Toolforge: collect prometheus node exporter metrics from new k8s worker nodes
Closed, ResolvedPublic



image.png (535×2 px, 219 KB)

It seems prometheus can not collect these metrics.

Event Timeline

aborrero triaged this task as Medium priority.Aug 8 2019, 5:37 PM
aborrero moved this task from Inbox to Soon! on the cloud-services-team (Kanban) board.

This may be a good starting task for @Phamhi, apart from the ones we have already.

In horizon, "Instance Console Log", I can see the following logs for tools-worker-1030

[[32m  OK  [0m] Stopped Prometheus exporter for machine metrics.
       Starting Prometheus exporter for machine metrics...
[[1;31mFAILED[0m] Failed to start Prometheus exporter for machine metrics.
See 'systemctl status prometheus-node-exporter.service' for details.

During the prometheus-node-exporter.service startup, the following error occurs

Aug 06 18:04:45 tools-worker-1030 prometheus-node-exporter[661]: flag provided but not defined: -collector.buddyinfo

This is because the prometheus-node-exporter package is outdated and the the argument isn't supported yet.

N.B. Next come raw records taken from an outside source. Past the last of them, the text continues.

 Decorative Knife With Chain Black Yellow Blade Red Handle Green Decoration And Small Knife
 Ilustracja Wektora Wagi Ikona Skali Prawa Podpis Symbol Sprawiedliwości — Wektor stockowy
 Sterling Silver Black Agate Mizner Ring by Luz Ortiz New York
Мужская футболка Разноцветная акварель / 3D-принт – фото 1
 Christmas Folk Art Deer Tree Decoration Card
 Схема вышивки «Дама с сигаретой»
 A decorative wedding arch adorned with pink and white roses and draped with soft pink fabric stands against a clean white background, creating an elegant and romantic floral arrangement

For the fix, the prometheus-node-exporter package on tools-worker-10{30..40} needs to be updated from 0.14.0~git20170523-1 to 0.17.0+ds-3

I can confirm that the "working" nodes such as 029 already have prometheus-node-exporter package version 0.17.0+ds-3

That makes sense:

aborrero@tools-worker-1030:~$ apt-cache policy prometheus-node-exporter
  Installed: 0.14.0~git20170523-1
  Candidate: 0.17.0+ds-3
  Version table:
     0.17.0+ds-3 0
       1001 jessie-wikimedia/main amd64 Packages
 *** 0.14.0~git20170523-1 0
       1001 jessie-wikimedia/backports amd64 Packages
        100 /var/lib/dpkg/status

I would suggest we:

  1. create a puppet patch to ensure we are running the latest version in worker nodes, so this error doesn't repeat again when we create new worker VMs in Debian jessie (hopefully not a lot of time, since we are already working on an updated deployment)
  2. manually update all the packages in the affected servers. Should be easy using cumin.

Mentioned in SAL (#wikimedia-cloud) [2019-08-12T16:08:26Z] <phamhi> updated prometheus-node-exporter from 0.14.0~git20170523-1 to 0.17.0+ds-3 in tools-worker-[1030-1040] nodes (T230147)

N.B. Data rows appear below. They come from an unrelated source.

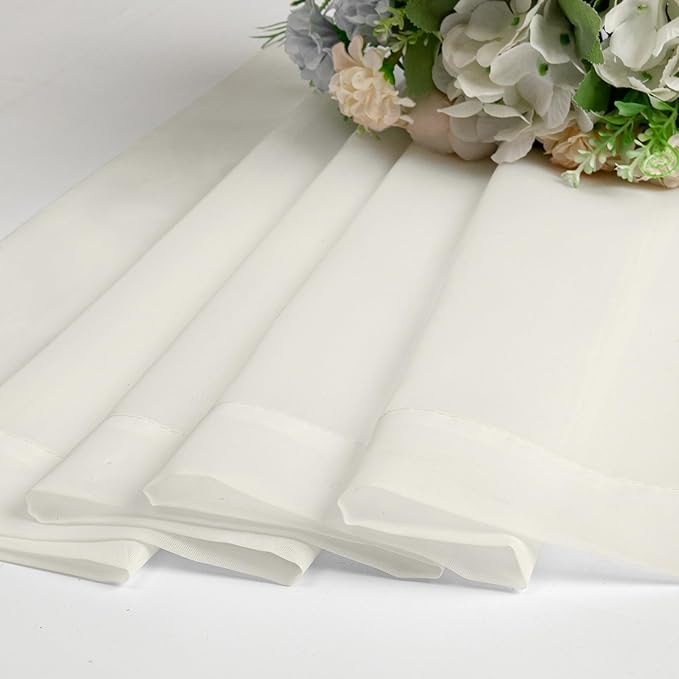 Lecloud Ivory Sheer Curtain Panels 72 Inch Length, Light Filtering Window Curtain Drapes Treatment for Living Room, Breathable Rod Pocket Sheer Curtains for Bedroom, 2 Panels, Each 40" Wx72 L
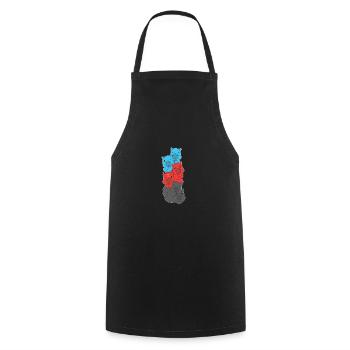 Polyamory Flag Gay Pride LGBTQ Capybara - Kochschürze - Schwarz - Vorne - AI Model Male 185 dark (185cm)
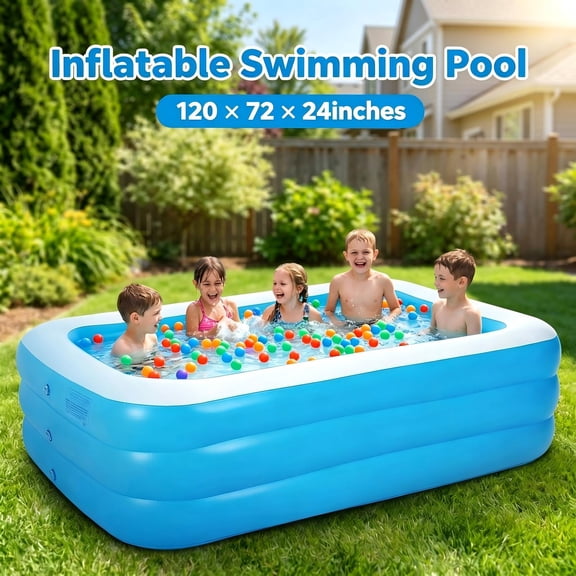 Chiccushion 120*72*24in Inflatable Swimming Pools Multi Purpose Inflatable Lounge Pool Fun Water Play Design for Outdoor Backyard Garden Summer Party Use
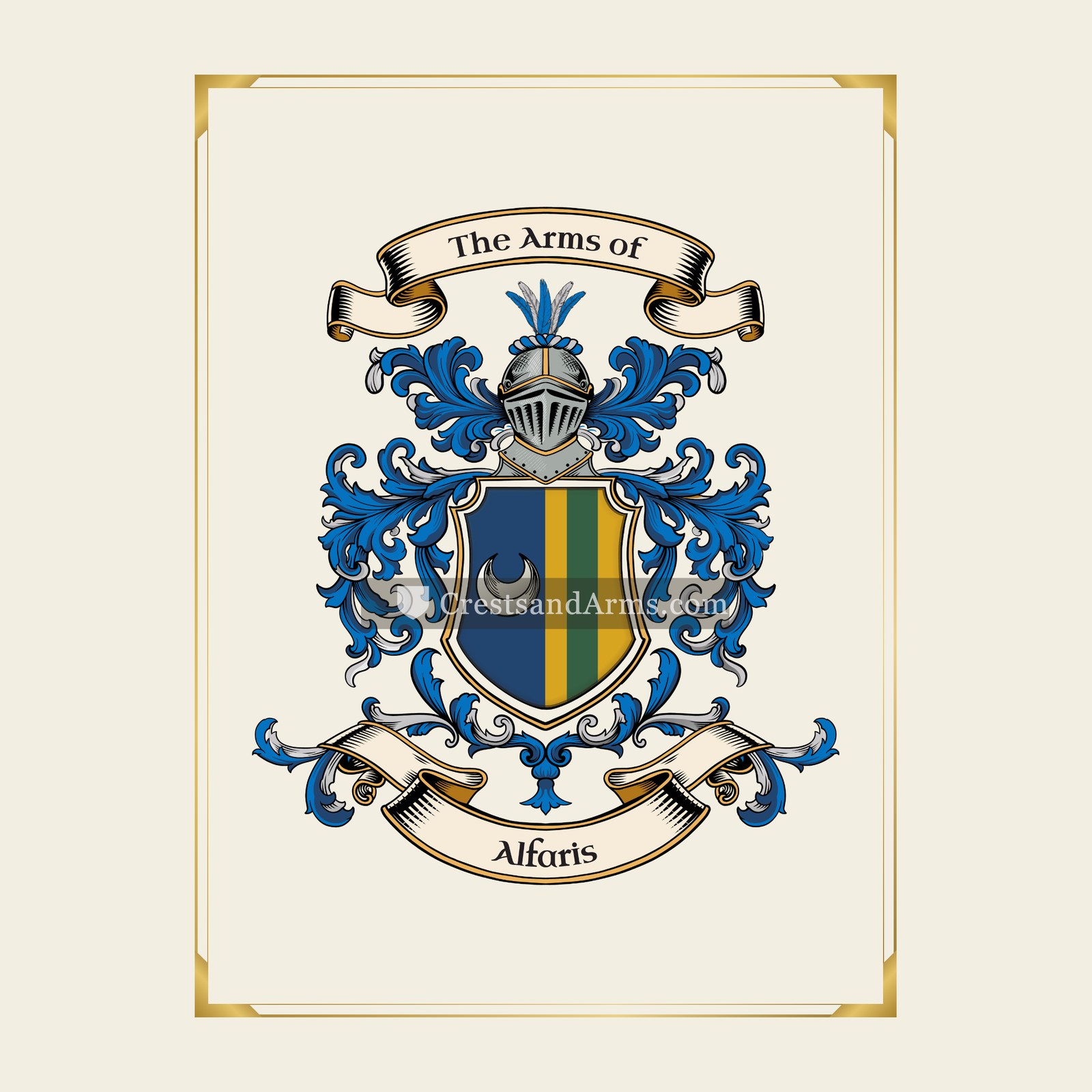 With gold border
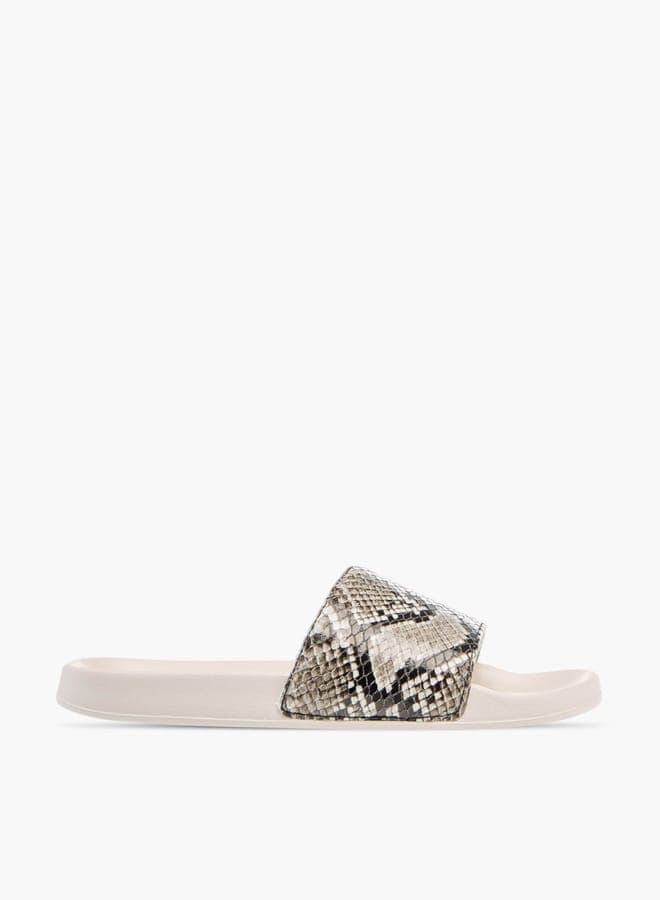 Elegant Beige Animal Print Slides for Women 373577Beige - Image 1
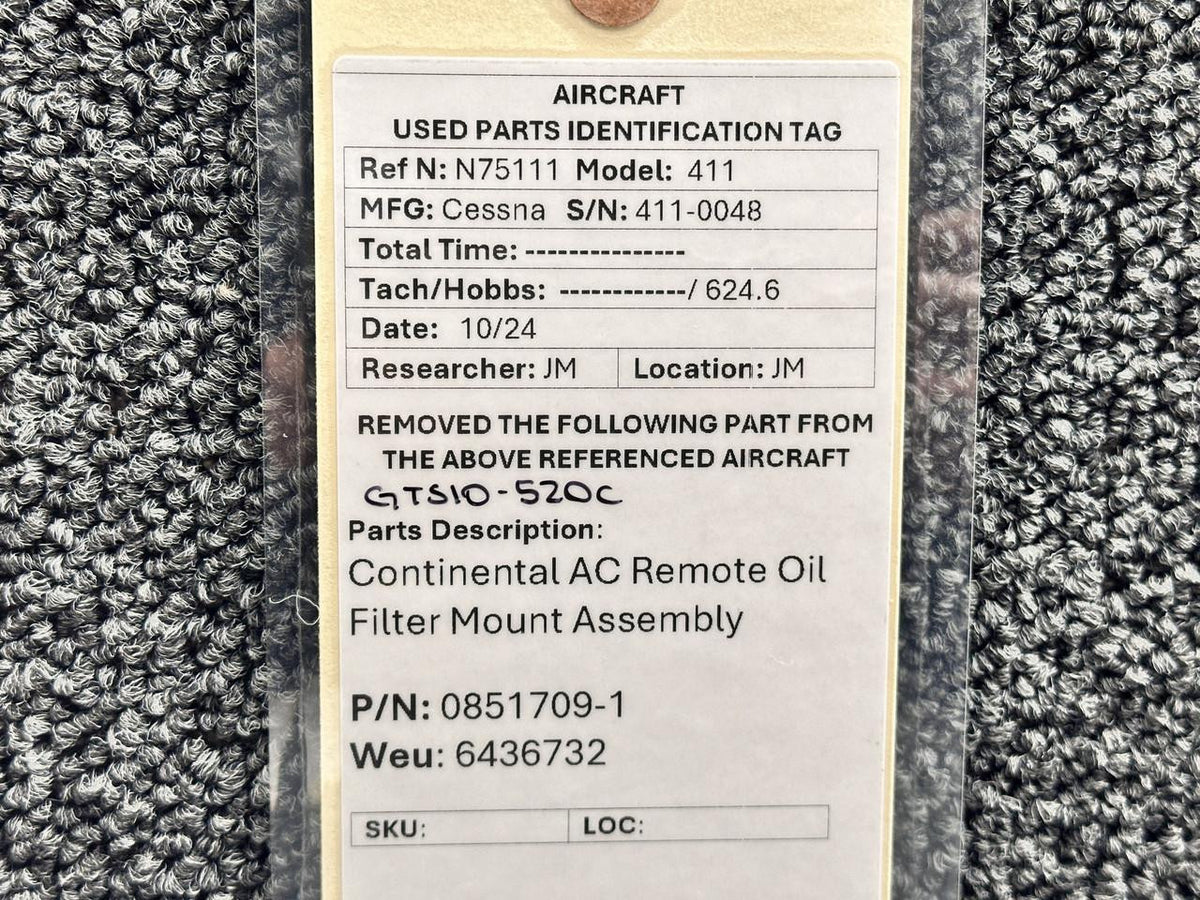 AC 0851709-1 (Weu: 6436732) Continental GTSIO-520-C AC Remote Oil Filter Mount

Mentioned in SAL (#wikimedia-cloud) [2019-08-12T20:39:59Z] <phamhi> toolsbeta-test-puppet-sandbox instance created for T230147

I created a new instance "toolsbeta-test-puppet-sandbox" with jessie image and it looks like it came with prometheus-node-exporter version 0.14.0 not 0.17.0. As per Arturo's suggestion, I am looking into create a Puppet patch for this issue.

Just for information, there's more than one quirk in building new Jessie K8s nodes. It may be worth it to just document the problem because pinning doesn't always prevent chicken/egg issues

That said, this one seems like it might actually be fixable with a pin. :)

Does it make more sense to close this ticket as the original issue has been resolved? We then create a new ticket to prevent this issue from re-occurring?

No, I think this is only resolved if "new kubernetes worker nodes" can export metrics. They'll fail if we spin up another one. I'm perfectly fine with just documenting that the package needs an upgrade (since there's packages that need downgrades as well), but a puppet pin of the package would resolve it as well. The reason I'm ok with just updating the docs is because this is re: Jessie nodes. We are going to deprecate Jessie. Otherwise, we'd surely insist on fixing this in puppet so the build is reproduceable.

We certainly need to spin up more nodes and those ones will have the same problem at this point.

I have updated the docs located at to include the command to update the prometheus-node-exporter package after the build.